SuzieQ started out with least common denominator SSH and REST access to devices. It doesn't care much about transport, we will use whatever gets the best data. SuzieQ does have support for agents, such as Kafka and SNMP, to push data and we've done some experiments with them, but don't have production versions of that code.

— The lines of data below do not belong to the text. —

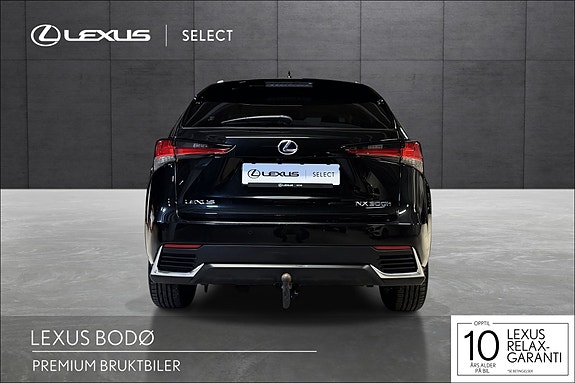 Lexus NX300h 4 of 5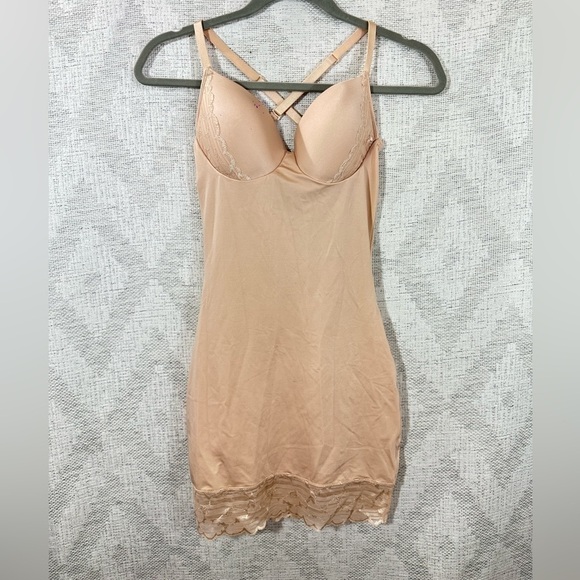 Spanx Red Hot Assets Luxe and Lean Firm Control lace slip size S - Picture 3 of 11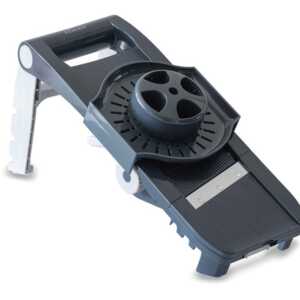 Ralador Plástico 5 Lâminas e um Espremedor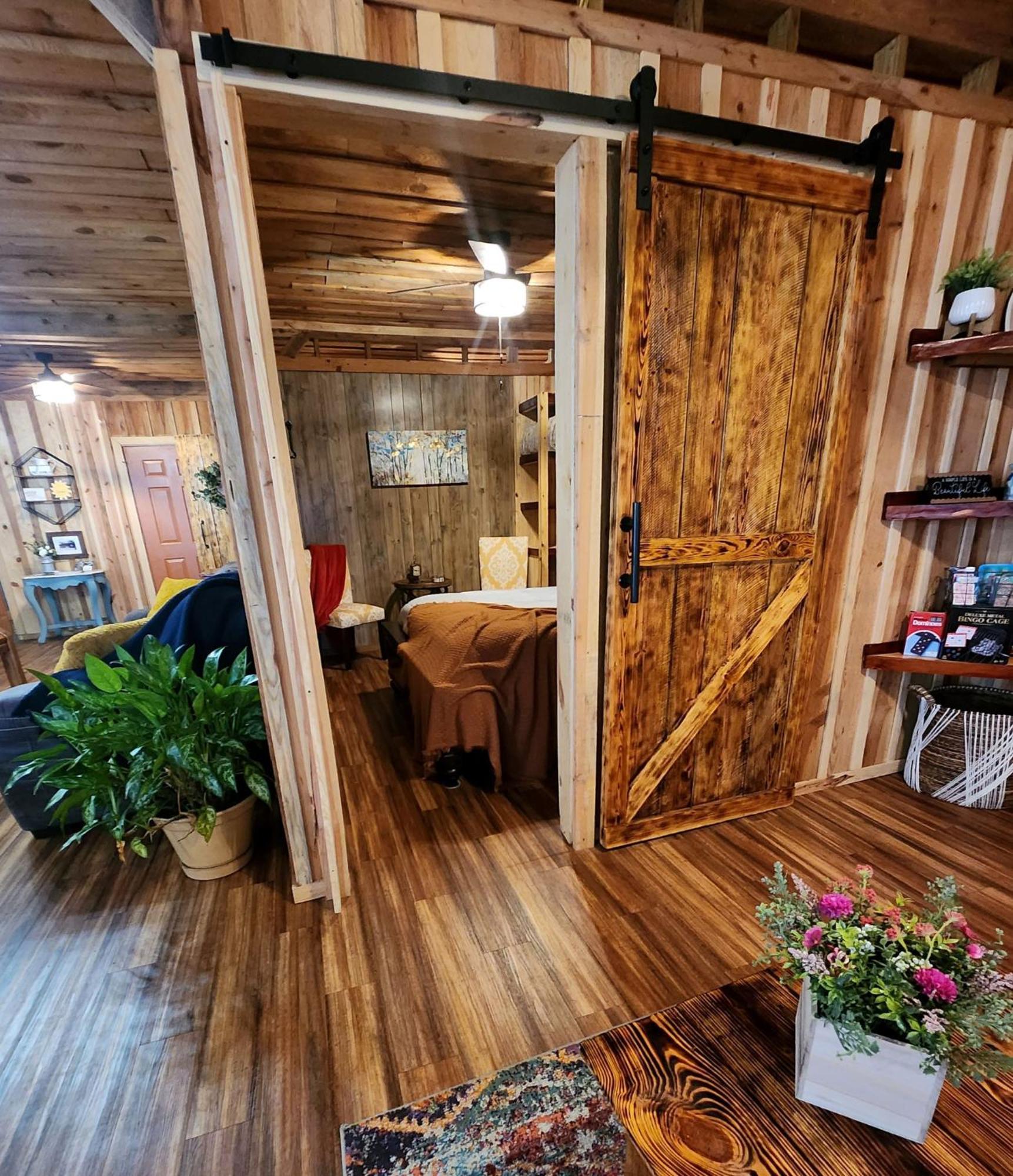 Unique Country Cabin Meets Farmhouse Modern!!! Mena Exteriér fotografie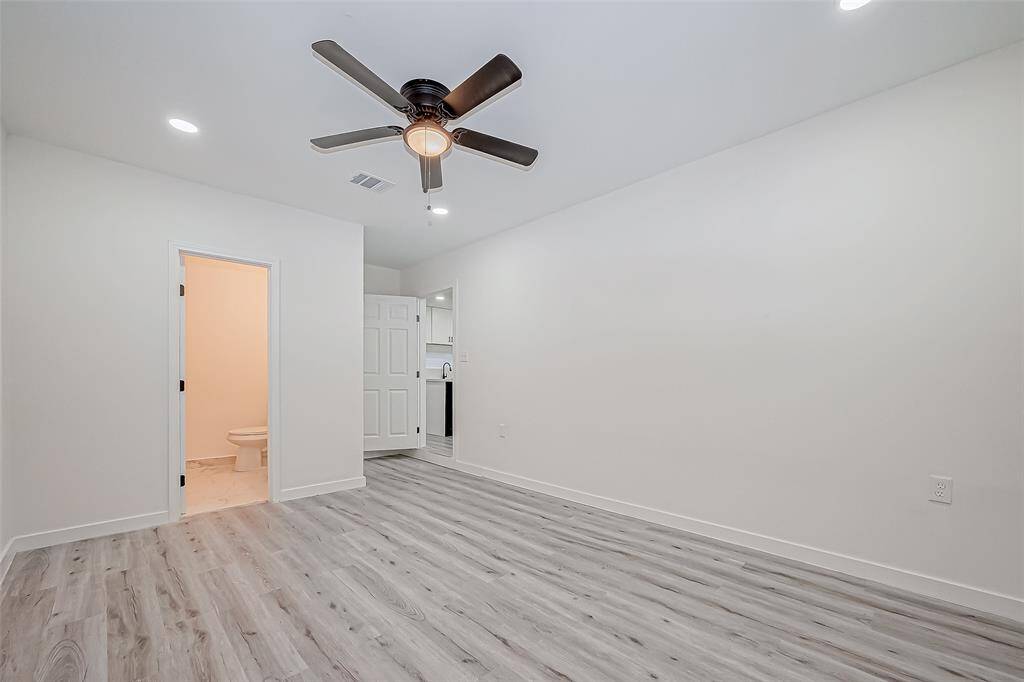 Natural tones in the room create a warm and welcoming atmosphere, enhancing the sense of calm.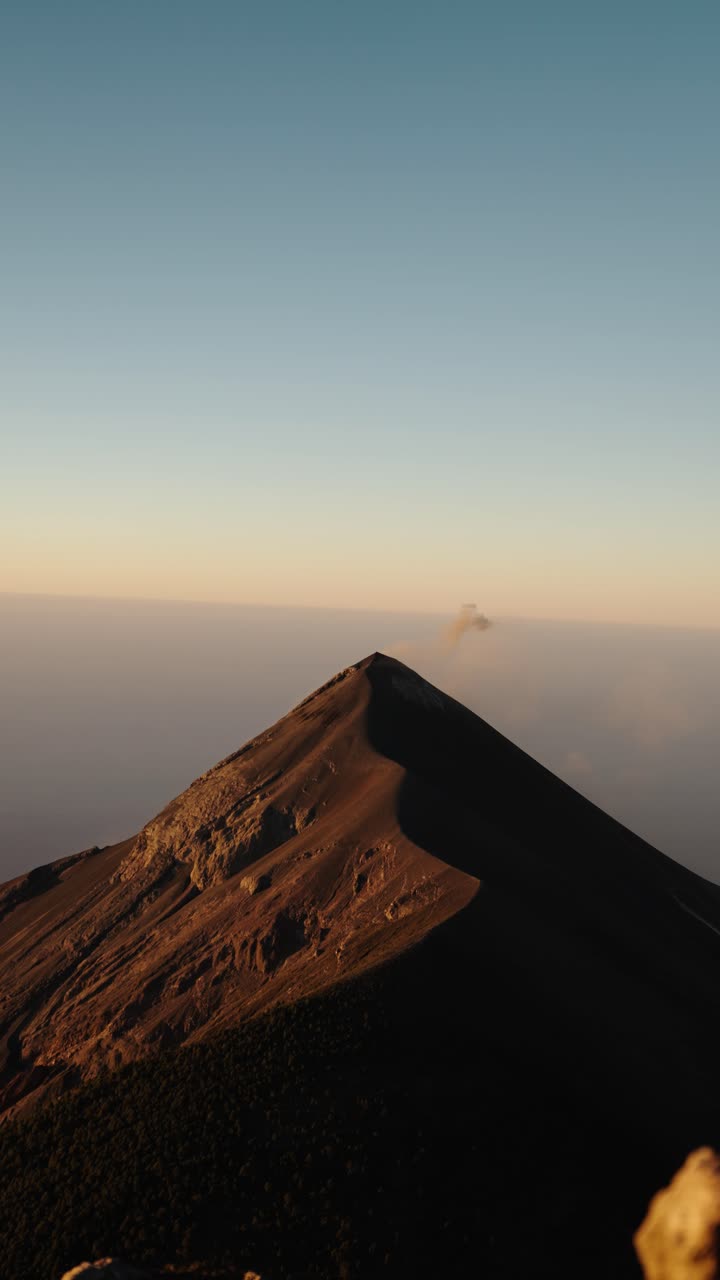 Luce calda del tramonto che modella la cresta del Volcan de Fuego, Guatemala.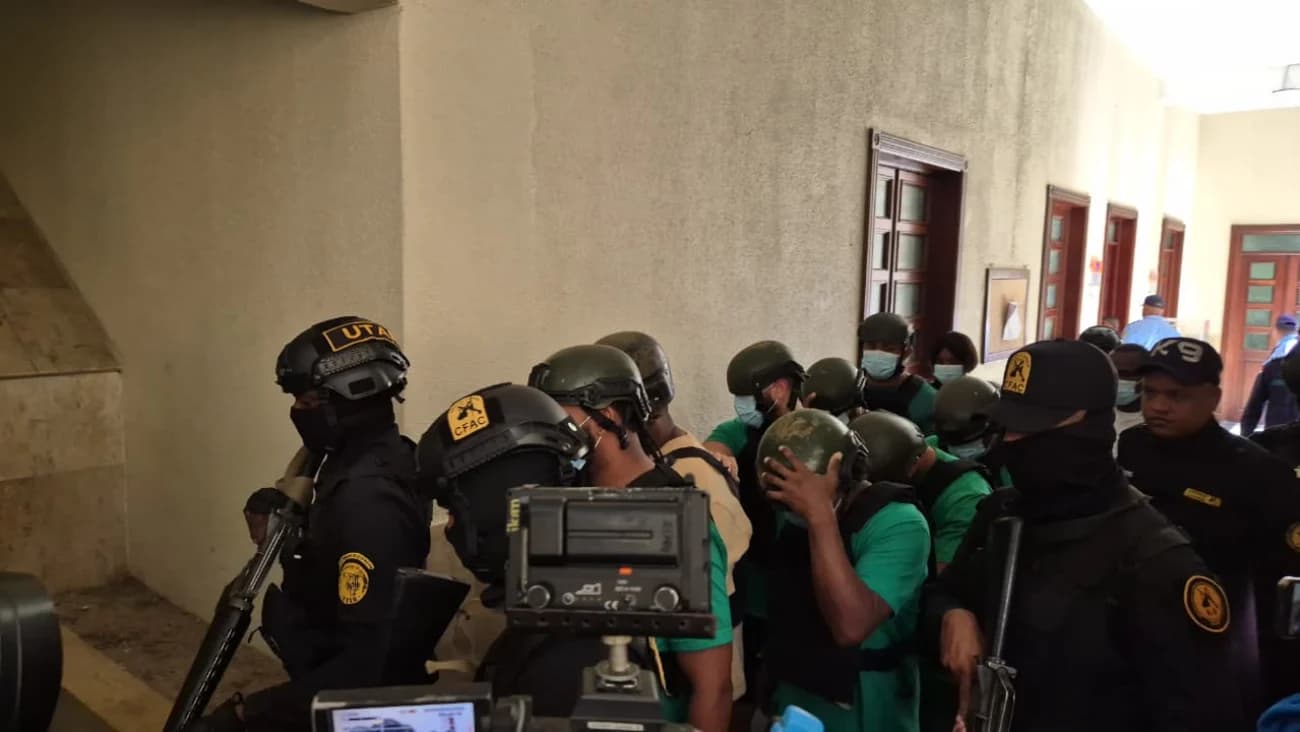 Aplazan audiencia de coerción contra acusados de red de extorsión y estafa a estadounidenses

When polling in continuous mode, SuzieQ uses the default period specified in the suzieq-cfg.yml configuration file (you can change the default location via the -c
option when launching the poller).
Independent of this, you can change the polling period of any individual service by modifying (or adding) the period:<time in secs>
key-value pair to the service configuration file (located under lib/python<python version>/site-packages/suzieq/config) wherever SuzieQ is installed.
There are two places to look if you want to know what the poller is up to. The first is the poller
log file in /tmp/sq-poller.log. The second is in SuzieQ in the sq-poller table. We keep data about how
polling is going in that table. If you do suzieq-cli sqpoller show --status=fail
you should see any failures.
jpietsch> sqpoller show status=fail namespace=dual-evpn
namespace hostname service status gatherTime totalTime svcQsize wrQsize nodeQsize pollExcdPeriodCount timestamp
18 dual-evpn edge01 mlag 404 [] [] [] [] [] 0 2020-06-17 05:14:40.285
257 dual-evpn server101 bgp 1 [] [] [] [] [] 0 2020-06-17 05:14:40.980
260 dual-evpn server101 evpnVni 1 [] [] [] [] [] 0 2020-06-17 05:14:38.145
271 dual-evpn server101 mlag 404 [] [] [] [] [] 0 2020-06-17 05:14:38.792
272 dual-evpn server101 ospfIf 1 [] [] [] [] [] 0 2020-06-17 05:14:38.138
273 dual-evpn server101 ospfNbr 1 [] [] [] [] [] 0 2020-06-17 05:14:40.593
284 dual-evpn server102 bgp 1 [] [] [] [] [] 0 2020-06-17 05:14:41.712
287 dual-evpn server102 evpnVni 1 [] [] [] [] [] 0 2020-06-17 05:14:38.831
298 dual-evpn server102 mlag 404 [] [] [] [] [] 0 2020-06-17 05:14:39.121
299 dual-evpn server102 ospfIf 1 [] [] [] [] [] 0 2020-06-17 05:14:38.831
300 dual-evpn server102 ospfNbr 1 [] [] [] [] [] 0 2020-06-17 05:14:41.036
311 dual-evpn server103 bgp 1 [] [] [] [] [] 0 2020-06-17 05:14:40.980
314 dual-evpn server103 evpnVni 1 [] [] [] [] [] 0 2020-06-17 05:14:38.144
325 dual-evpn server103 mlag 404 [] [] [] [] [] 0 2020-06-17 05:14:38.792
326 dual-evpn server103 ospfIf 1 [] [] [] [] [] 0 2020-06-17 05:14:38.138
327 dual-evpn server103 ospfNbr 1 [] [] [] [] [] 0 2020-06-17 05:14:40.594
338 dual-evpn server104 bgp 1 [] [] [] [] [] 0 2020-06-17 05:14:40.980
341 dual-evpn server104 evpnVni 1 [] [] [] [] [] 0 2020-06-17 05:14:38.145
352 dual-evpn server104 mlag 404 [] [] [] [] [] 0 2020-06-17 05:14:38.792
353 dual-evpn server104 ospfIf 1 [] [] [] [] [] 0 2020-06-17 05:14:38.830
354 dual-evpn server104 ospfNbr 1 [] [] [] [] [] 0 2020-06-17 05:14:40.980
In this case the errors are because we aren't running any of those services (mlag, evpn etc.) on those nodes (server101, edge01 etc.).
SuzieQ persists data using the popular open source Apache Parquet format. The data is compressed and stored very efficiently. No support is provided in the open source edition for throwing away old data. The data is retained forever. There aren't any checks around how full the disk is and so on.